● **Task to complete**: Repeat the span of the entries below that starts at the line with "And the file" and ends at the line with "We want to look", nothing more. Skip the pictures.
###
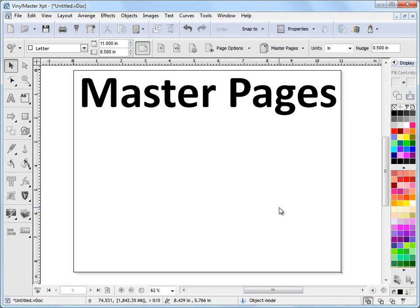In this lesson I'm going to show you how to create and then apply a master page to another page in Vinyl Master, which is a very handy thing to be able to do.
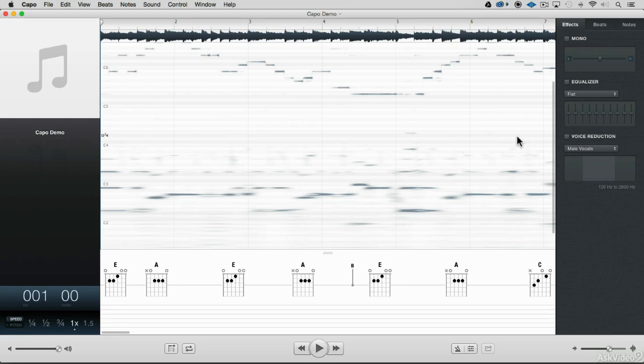So those are the things that Capo does right when it opens up a file. So even without you doing anything to it, when you open up a song, all of that stuff will happen automatically.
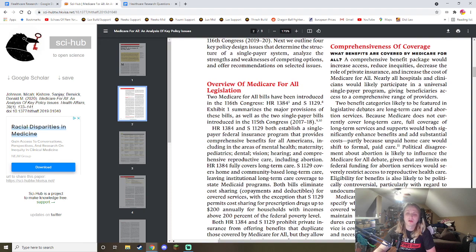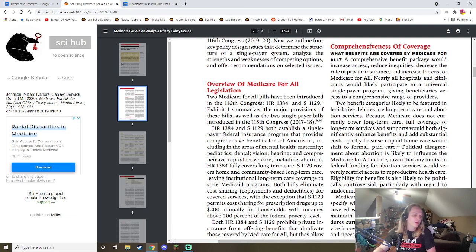Coverage outcomes: increased confidence in coverage, increased access, increased role, and increased cost of Medicare for All.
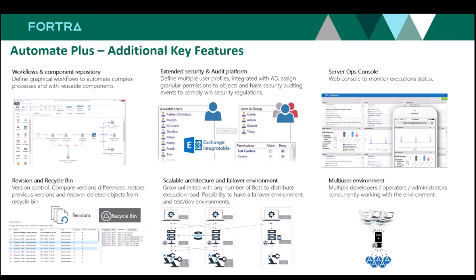With Automate, you can also take advantage of other key features like role-based security. You can define multiple user profiles, authenticate with Active Directory, assign granular permissions to objects, and have security auditing events.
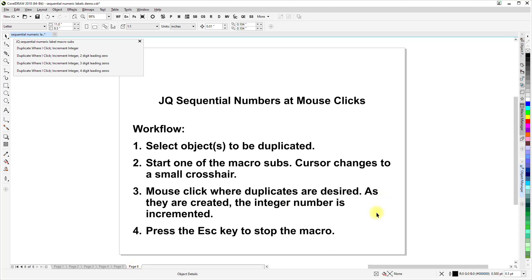And finally, a review of the workflow. For those who like to see it in writing, you select the objects to be duplicated. Start one of the macro subs. The cursor changes to a small crosshair. And then you mouse click where each duplicate is desired to be. And as they are created, the integer number is incremented.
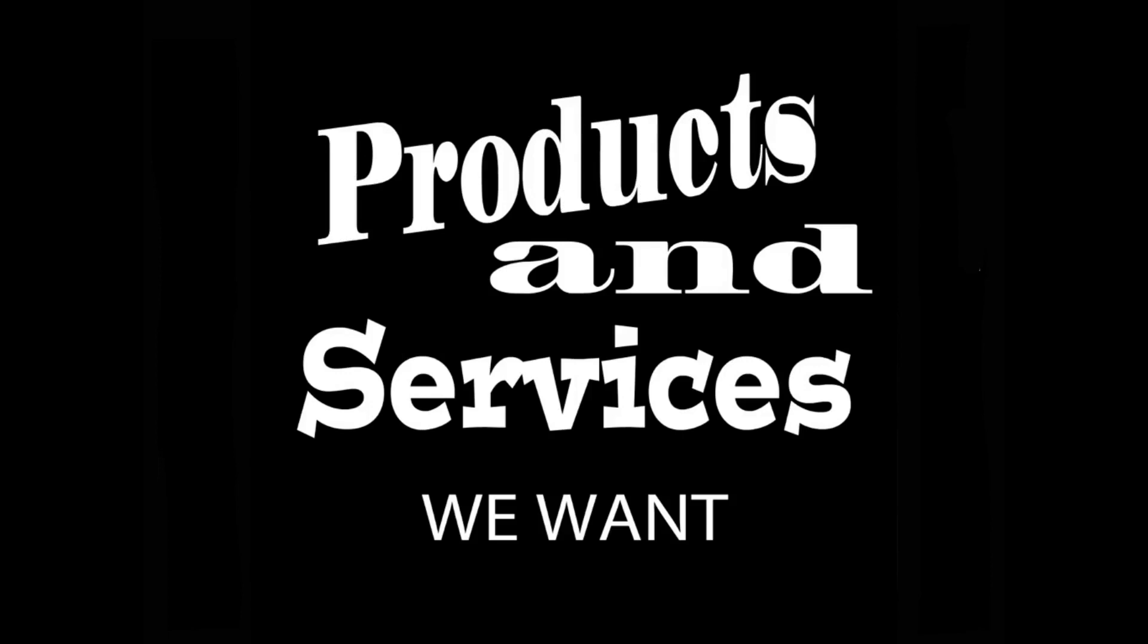The ideas presented in this video may be used by anyone without compensating or even acknowledging me because here are products and services we want.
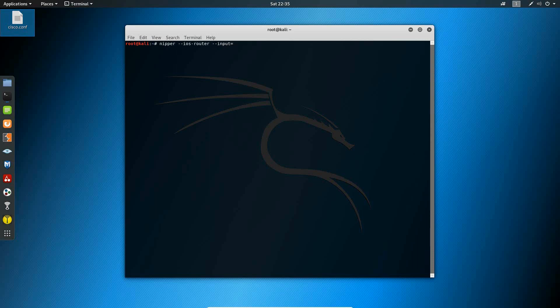And the file is located on my desktop. I'm going to put the output as a report dot HTML and I'm going to put this on my desktop.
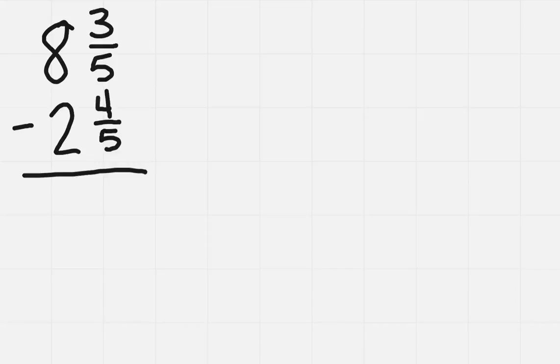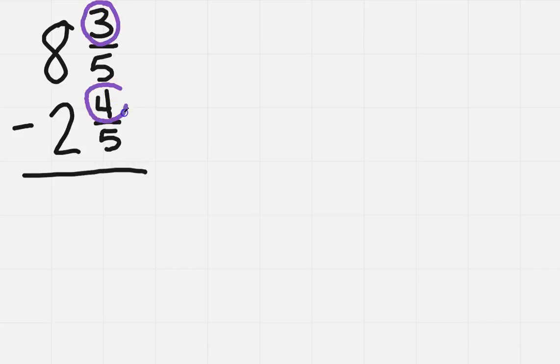We want to look at subtracting mixed numbers where we need to borrow. So how do I know that I need to borrow? Well, if I looked at my fractions, I have a three here and a four here, and three is smaller than four, so I'm gonna have to borrow in order to subtract.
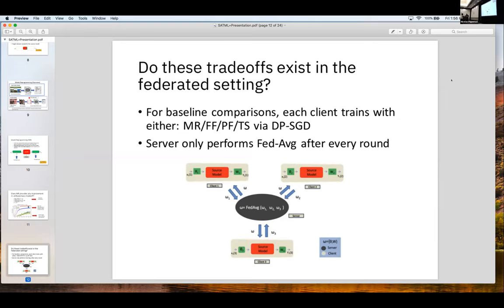Does this trade-off exist in the federated setting? The way we study this problem in a federated environment is: each of the clients is doing either model reprogramming, full fine-tuning, partial fine-tuning, or training from scratch. The server is only involved in FedAveraging after every round. The key question was whether these performance benefits really exist in a distributed framework.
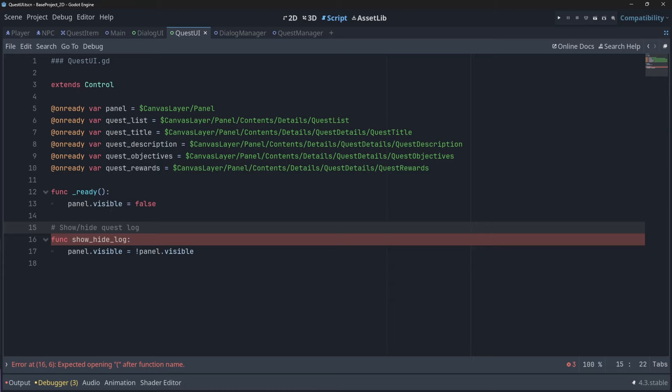The last thing that we need to do for this part is add our newly created quest manager to our player scene. We're adding it to our player scene instead of our NPC scene because it is here where we want the quest UI to show. We'll also get a node reference to it. So in our player scene, let's add our quest manager component to our scene, and in our script, let's get a node reference to it.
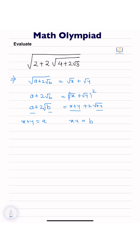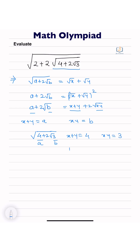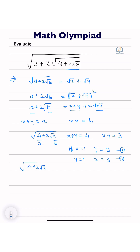Now we take the first term: √(4 + 2√3). Here x + y = 4 (this is a) and xy = 3 (this is b). If x = 1 then y = 3, and if y = 1 then x = 3. For the first condition, √(4 + 2√3) = √x + √y = 1 + √3.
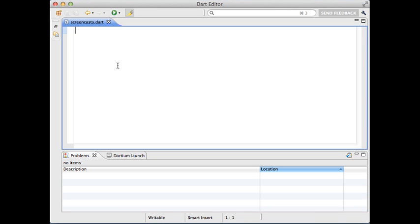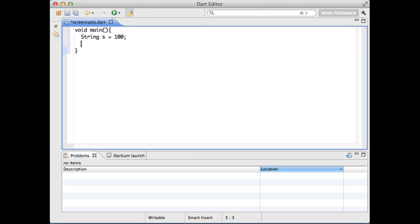Dart has an optional type system, meaning that you can annotate variables with types. It gives you much better tooling than you can get, for example, in JavaScript or Ruby. But those annotations are used only during development, so they don't affect your application when it runs in production.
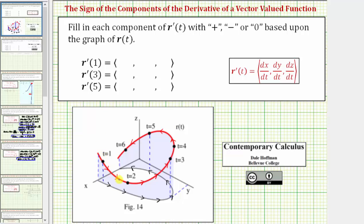The orientation is in this direction. The components of r prime of t are dx dt, dy dt, and dz dt, and the sign of these derivatives indicate whether the x, y, and z components of r of t are increasing, decreasing, or remain constant. To help us determine the sign of these derivatives, we will look at a particular point on the space curve based upon the value of t, then determine whether the x, y, and z coordinates are increasing, decreasing, or remain constant.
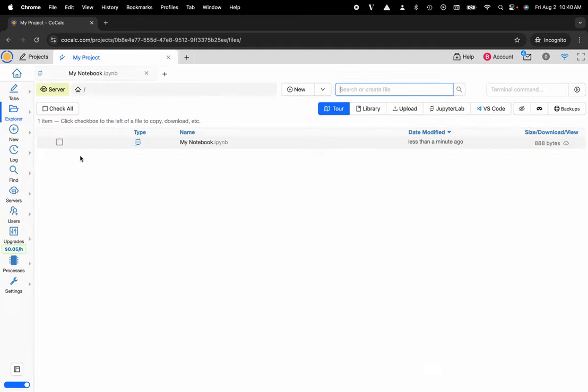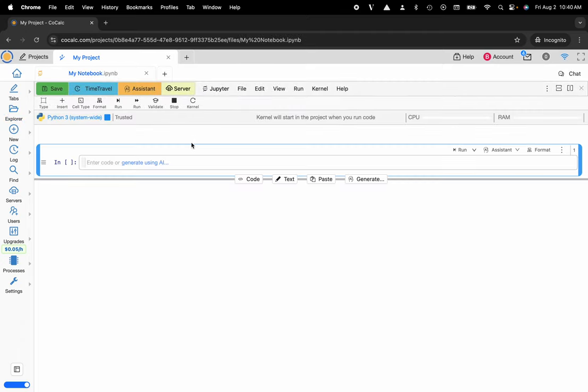I'll go ahead and select my project and now I want to click on the document that I'd like to split the screen of. Here I'm going to select my notebook and then I'm going to navigate to the upper right hand corner and just notice that there are two buttons.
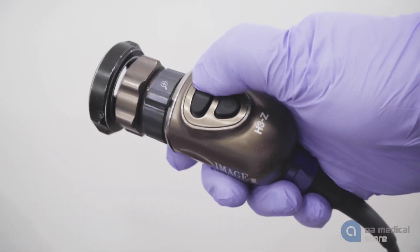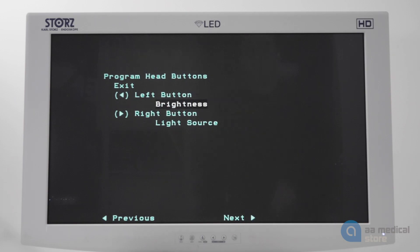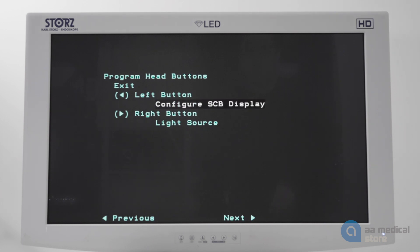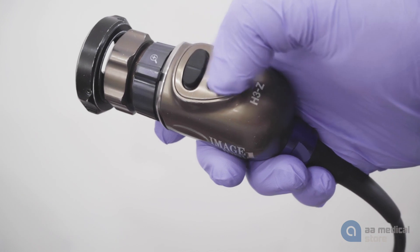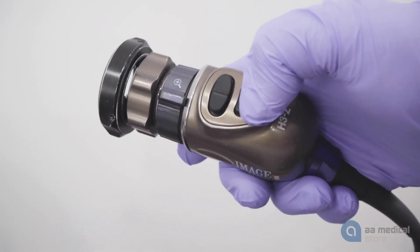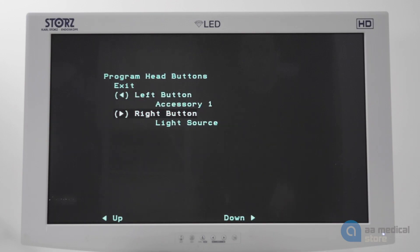Press the left or right button to scroll through the options to find the function you would like the left button to perform. Press the center button to make your selection and repeat the same process to program the right button.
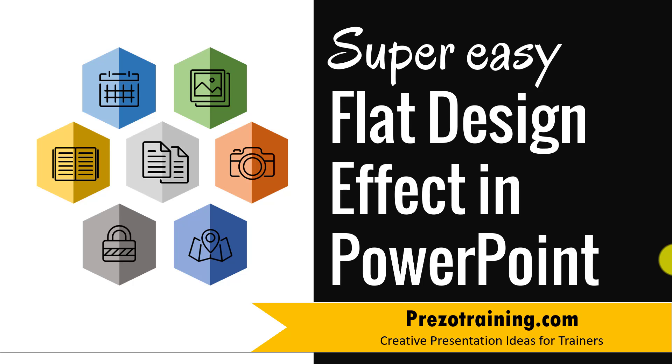Hi, in this video you will learn a super easy flat design effect in PowerPoint. I am Ram Gopal from PrezoTraining.com, a site that offers creative presentation ideas for trainers.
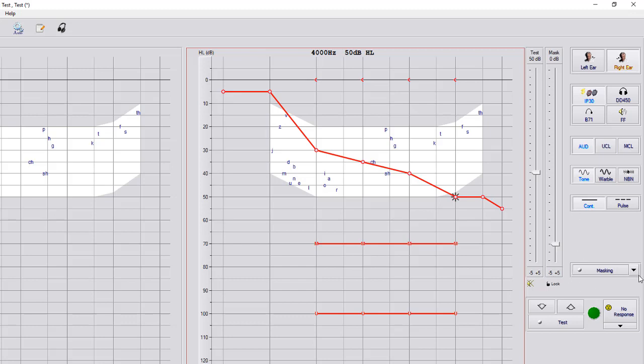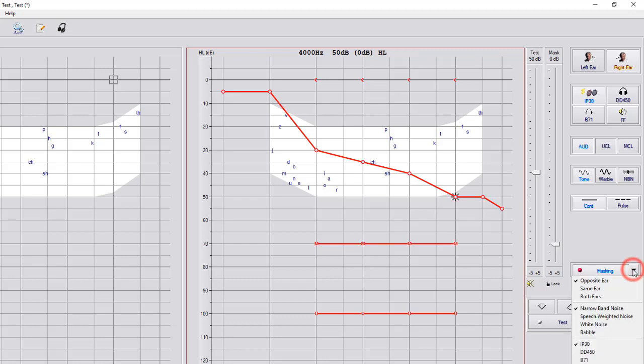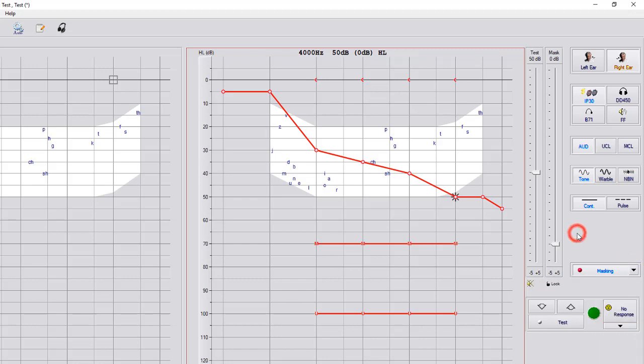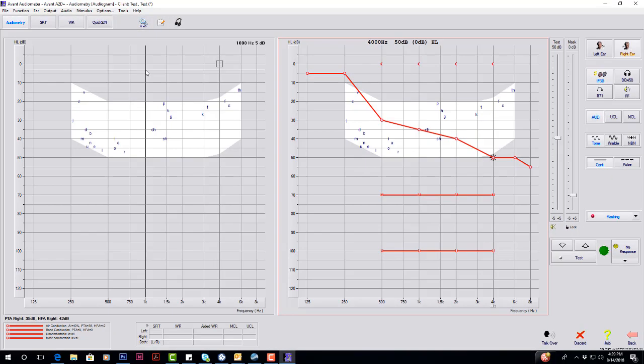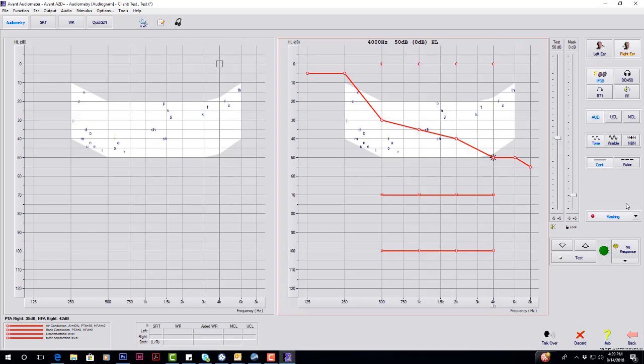Below here, we have your masking. Once you select masking, it's going to turn aqua blue or the little red light will come on. In the dropdown, it always defaults to opposite ear, narrow band noise with an IP30. Right now, the right ear is selected, so the masking is being played in the left ear because it is opposite.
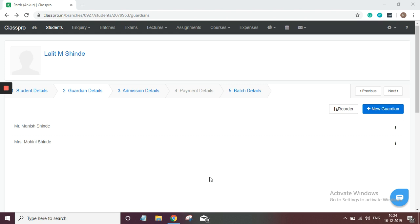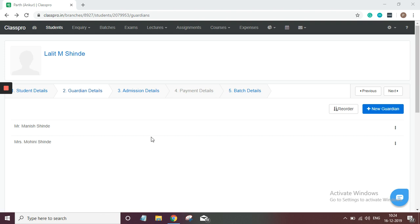Hello, I'm Priyanka. Hope you are having a very good day. Today we are going to discuss how we can add student admission details. In previous videos we have seen how we can add student personal details and how we can add his guardian. Now in today's video we will discuss how we can add admission details of that student.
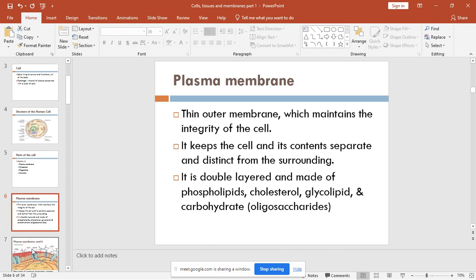The plasma membrane is basically a thin outer membrane which maintains the integrity of the cell. It keeps the cell and its contents separate from the surrounding extracellular environment. Interestingly, even though it is one membrane, it is made up of two layers. These layers are made up of phospholipids, cholesterol, glycolipids, and carbohydrates.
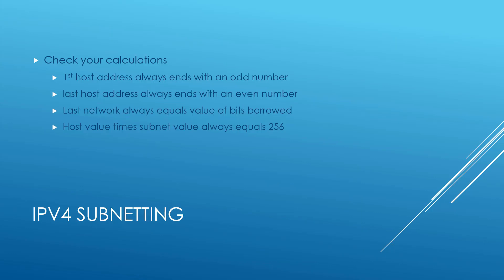And last but not least, once you've completed it, make sure to check your calculations. The first host address always ends with an odd number. The last host address always ends with an even number. The last network always equals value of bits borrowed. And the host value times the subnet value will always equal 256.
###
● **Reply to the task**:
And the file is located on my desktop. I'm going to put the output as a report dot HTML and I'm going to put this on my desktop.
We want to look at subtracting mixed numbers where we need to borrow. So how do I know that I need to borrow? Well, if I looked at my fractions, I have a three here and a four here, and three is smaller than four, so I'm gonna have to borrow in order to subtract.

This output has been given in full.